It has certainly been a remarkable year - remember this time last year we were wondering whether planes would fall from the sky, whether our computers would ever work again because of the much anticipated Y2K bug which disappeared quieter than Louis the Fly after a spray of mortein.

This year we have had all the drama and excitement of "the greatest Olympic and Paralympic games ever". By the end of which we had almost started to think perhaps Michael Knight might not be so bad after all, and then we found out about what he did to Sandy Hollway.

For those who follow Rugby Union - we have brought back Bill.

And John Howard made a memorable and passionate apology to the Aboriginal People - unfortunately it was John Howard the actor on the Games1 and not the Prime Minister.

But it is to the celebrations that marked the beginning of this year, the beginning of a new millennium that I want to return tonight. They were remarkable celebrations. Remarkable in that I have never seen 5.8 million dollars go up in smoke so quickly though for Warwick Fairfax there was probably a sense of dejuveau and for Kerry Packer - well it was just another role of the dice.

It was remarkable in that it was not a new millennium unless you start counting from 1BC.

But the most remarkable thing about these celebrations was the Australian they remembered . It wasn't Donald Bradman, or even Dawn Frazer but a five foot three former alcoholic who wondered around the streets of Sydney in the early hours of the morning for twenty five years grafitting the sidewalks with one word Eternity. It was that word in the distinctive copperplate handwriting of Arthur Stace that was celebrated as it was lit up on the Sydney Harbour Bridge at the climax of the celebrations of the new millennium.

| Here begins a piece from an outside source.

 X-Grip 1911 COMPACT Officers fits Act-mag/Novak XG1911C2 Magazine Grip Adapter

It was a timely reminder because I think we have missed Arthur Stace's daily reminder of Eternity for far too long and we have largely forgotten about eternity.

I first realised this in a bible study four years ago. The question we were addressing that night was this "what is the goal of the Christian life?". Being well-trained Sydney Anglicans everyone except one answered to "love the Lord your God with all your heart and with all your soul and with all your mind and to love your neighbour as yourself". But one member answered the question what was the goal of the Christian life with one word - "heaven". I thought about that and then asked, out of curiosity more than anything else - how many had heard a sermon on heaven recently. Only one member could recall hearing a sermon on heaven.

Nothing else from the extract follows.